Because I Am Malala is a memoir— a work of nonfiction—it doesn’t contain many symbols. Malala’s goal is to tell us, plainly and straightforwardly, where she comes from and what she plans to do with her future. Nevertheless, the burqa—the female veil, a required garb in many parts of the Muslim world—functions on a symbolic as well as a literal level in the book. Malala notes that as a child, she finds wearing a burqa fun, since doing so involves “dressing up.” But as she grows older, Malala begins to see the burqa as an impediment to women’s rights. All around her, she sees women who are forbidden from educating themselves or opening themselves to new experiences.
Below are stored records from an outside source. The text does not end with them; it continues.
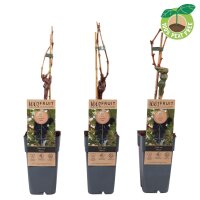 Traube (Vitis vinifera), Sorte: Venus kernlos, veredelt,...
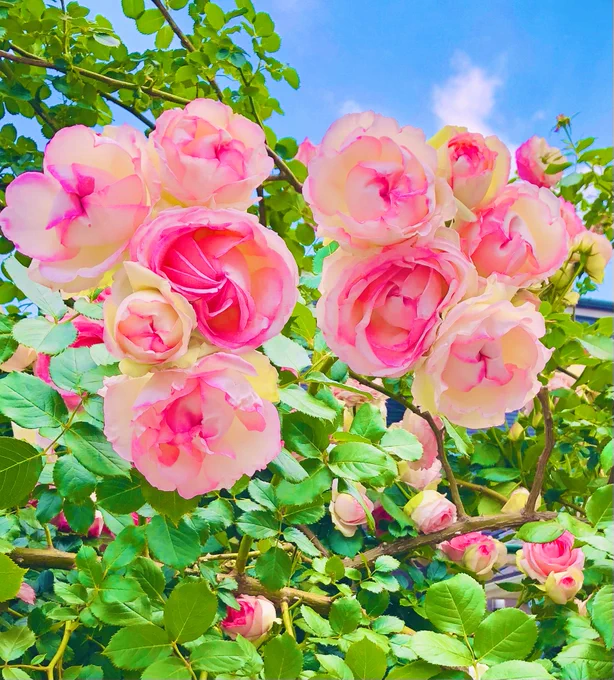 今年も色とりどりに咲き誇る人様の家の薔薇をご覧ください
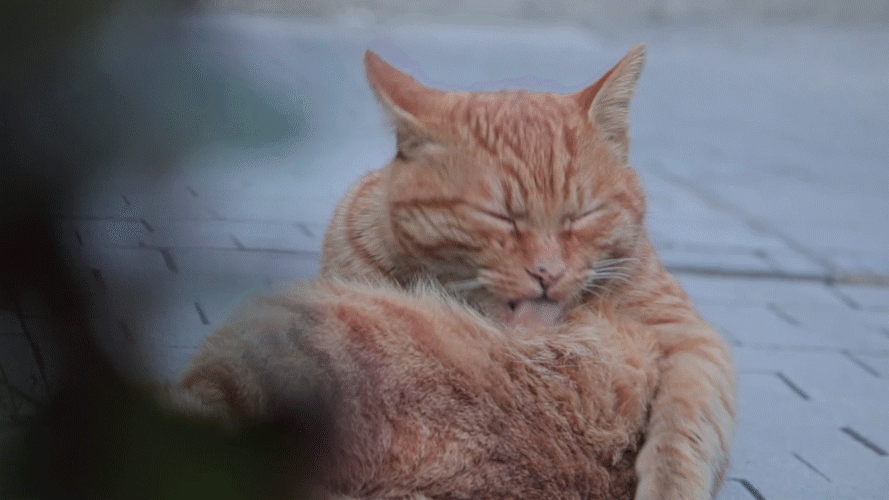 这小猫也太可爱了吧,简直萌化了妹子的少女心!
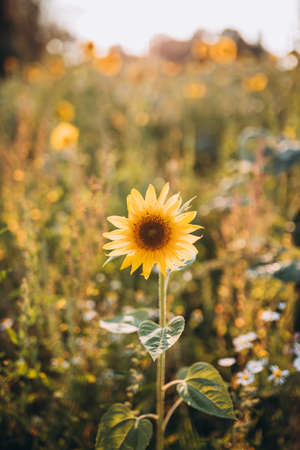 Sunflower background in a yellow field. Beautiful summer landscape with sunset and flowering meadow, summer time, wild lifeの写真素材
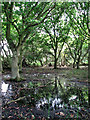 Soggy ground near Crostwight Road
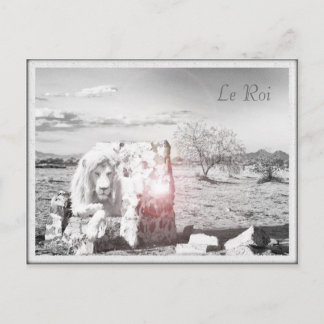 Le Lion Roi carte postale Postcard
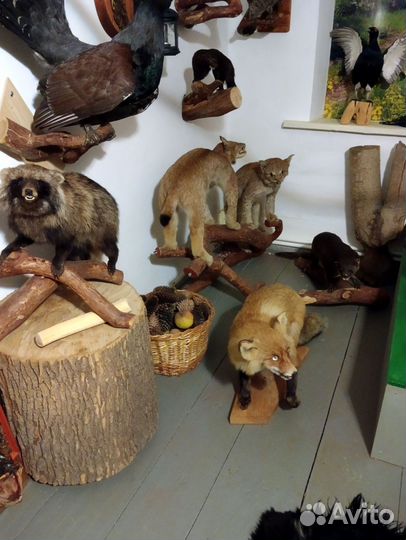 Чучела животных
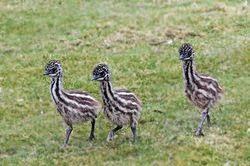 Emu Chicks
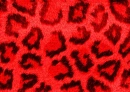 Red Fuzzy Leopard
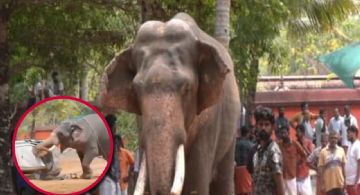 Elefante de 2 toneladas mata a su cuidador y causa pánico en celebración religiosa; destrozó autos  | VIDEO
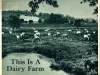 Poster - This Is A Dairy Farm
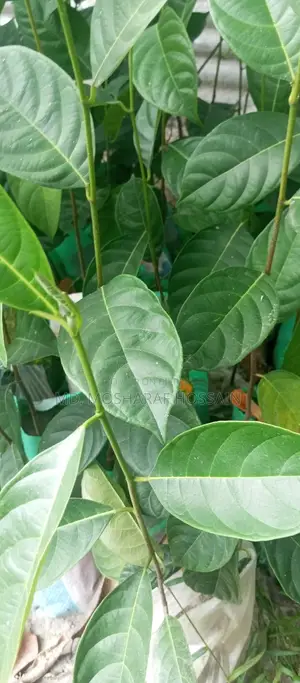 উন্নত জাতের কাঠালের চারা বিক্রয় করা হবে । কাঠাল হবে খুবই মিষ্টি ।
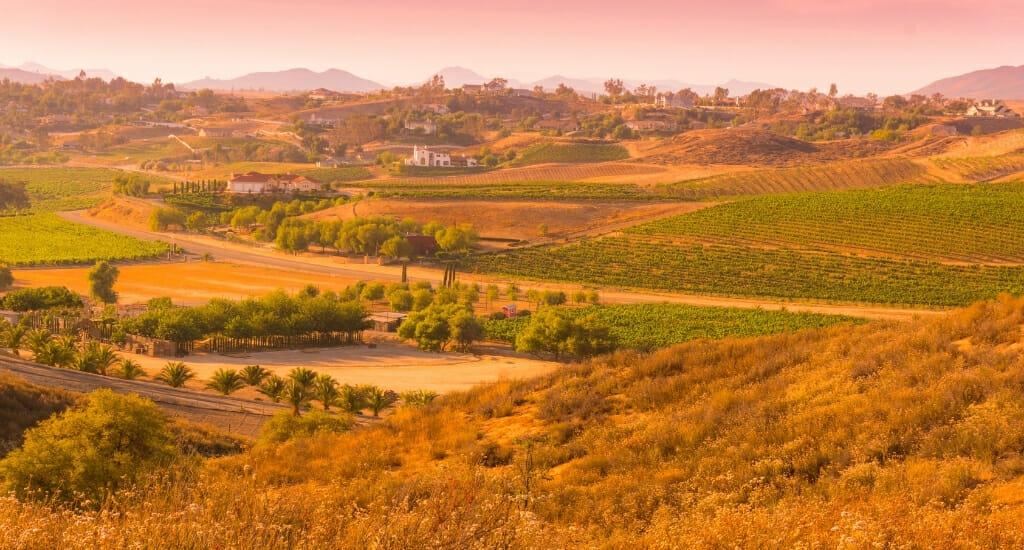 Landscape photo of Temecula valley with vineyards and wineries - photo has an orange tinge and light pink sky.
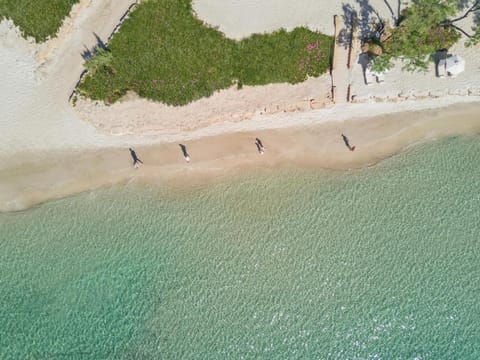 Sani Club Resort in Halkidiki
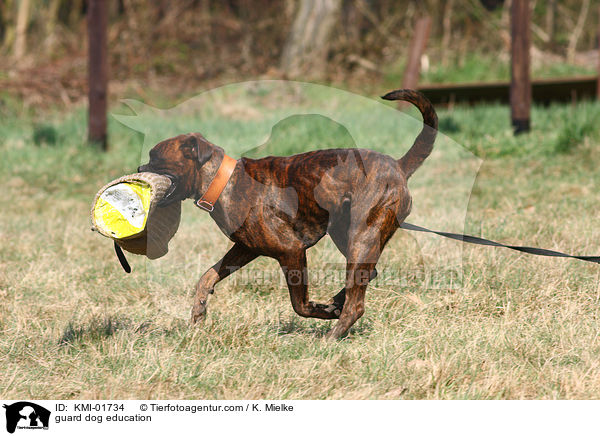 Schutzhundeausbildung / guard dog education / KMI-01734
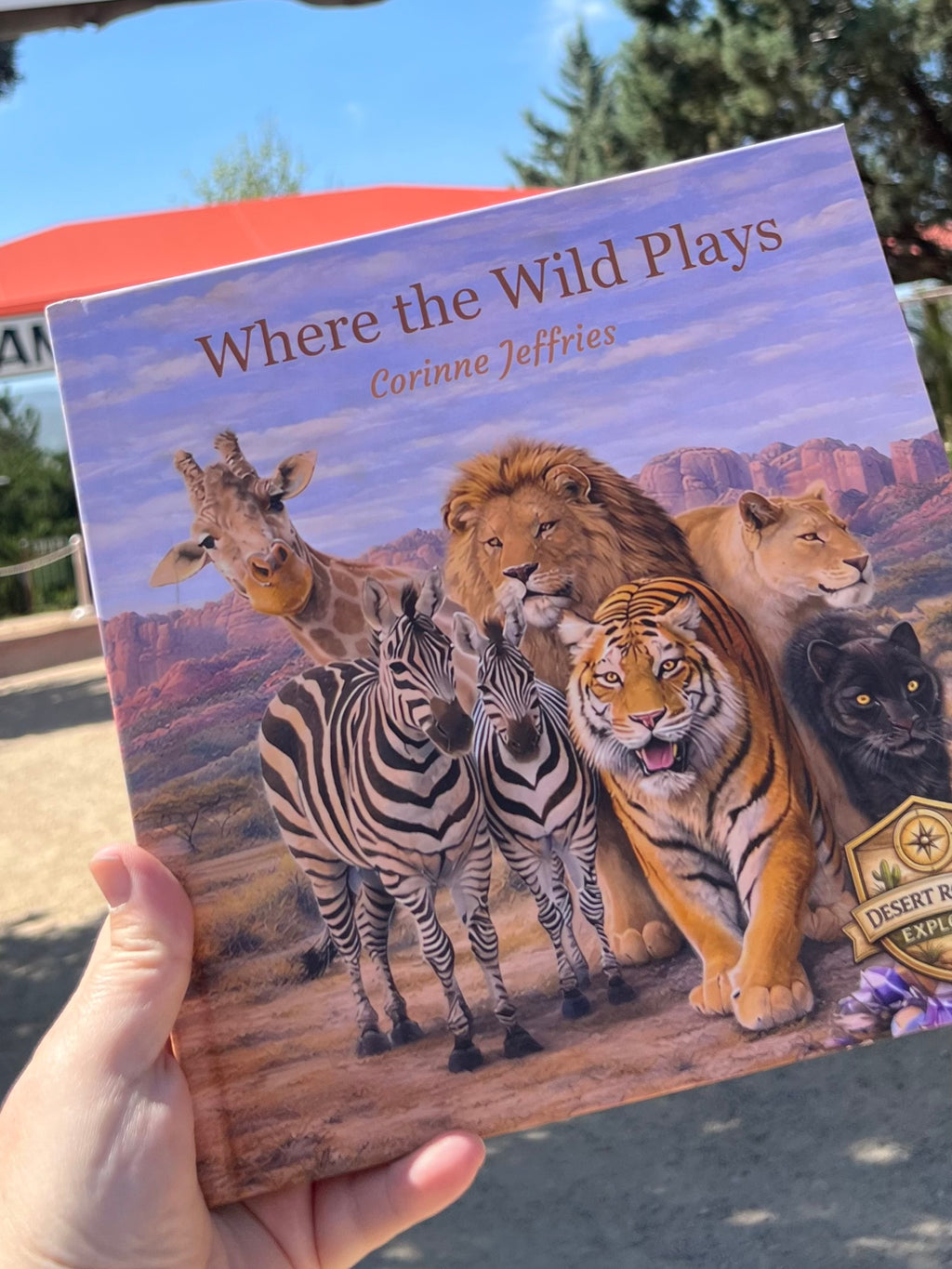 BOOK: Where the Wild Plays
One of the most poignant examples of this phenomenon comes in the form of Malala’s aunt, Babo—a woman who has lived in a large coastal city for her entire life, but who has always been forbidden to travel to see the ocean. As Malala sees it, the burqa is a symbol of women’s cultural inferiority in Pakistan: they are covered from view, and taught to be ashamed of their identities. As a result, women are restricted in their ability to express themselves freely, travel where they want to travel, and, most importantly of all, seek an education. On the day that Malala is shot, her would-be assassin has no trouble identifying her, as she is the only girl on the bus with her face uncovered. Without her burqa, Malala is the only one who can “see” the world clearly, but also, tragically, the only one who can be seen.
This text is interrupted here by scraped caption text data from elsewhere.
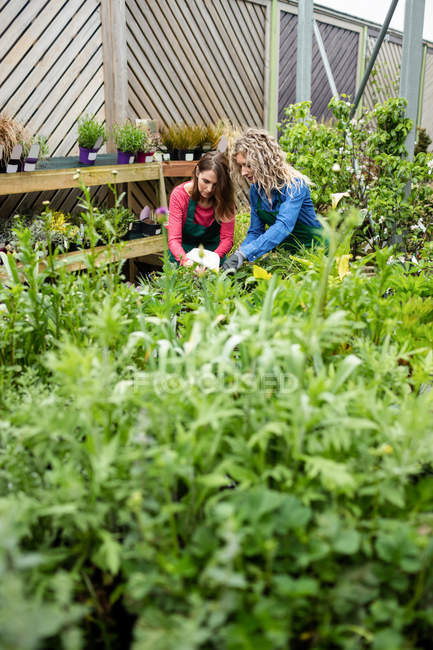 Dos floristas femeninas trabajando juntas en el centro del jardín - foto de stock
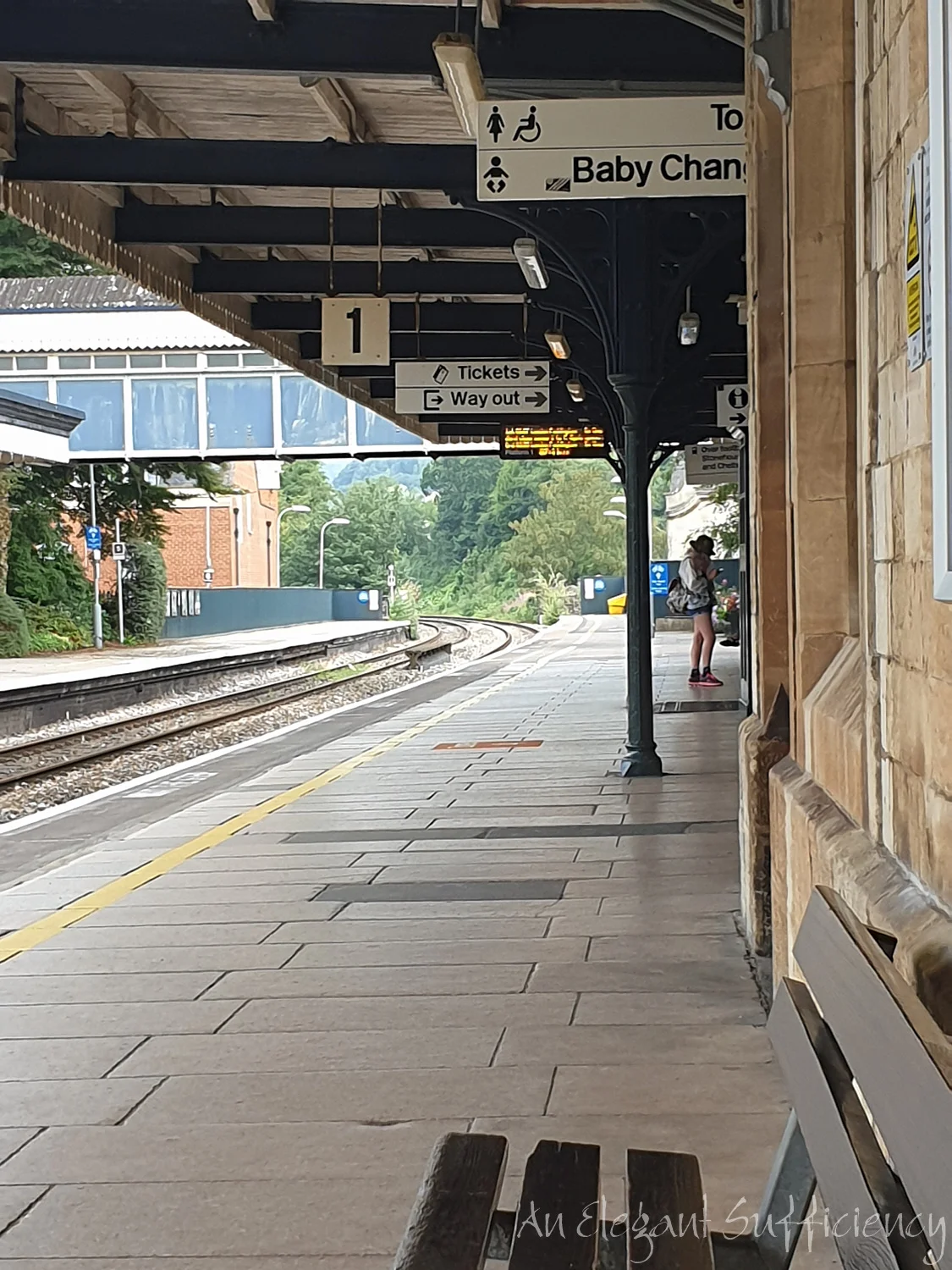 20190801_074410.jpg
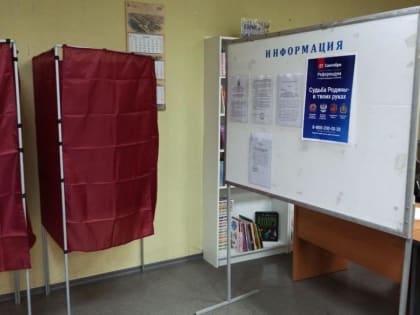 В Самарской области завершился третий день голосования на референдуме по Донбассу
While the Taliban criticize and ultimately try to kill Malala for “defaming Islam,” Malala insists that there’s nothing sacrilegious about a Muslim refusing to wear a burqa. Encouraged by her father, Malala studies the Quran herself and derives great inspiration and comfort from its verses. In the end, the burqa may be a symbol of the repression forced upon women in the largely Muslim society of Pakistan, but this doesn’t mean that Malala’s refusal to wear a burqa symbolizes her rejection of Islam. On the contrary, Malala’s bare face (shown on the cover of I Am Malala) symbolizes her refusal to submit to sexism and repression: she will educate and empower herself, studying the Quran and other books.
Burqa Quotes in I Am Malala
The man was wearing a peaked cap and had a handkerchief over his nose and mouth as if he had the flu. He looked like a college student. Then he swung himself onto the tailboard at the back and leaned in right over us.
“Who is Malala?” he demanded.
No one said anything, but several of the girls looked at me. I was the only girl with my face not covered.
I am proud that our country was created as the world’s first Muslim homeland, but we still don’t agree on what this means. The Quran teaches us sabar—patience—but often it feels that we have forgotten the word and think Islam means women sitting at home in purdah or wearing burqas while men do jihad.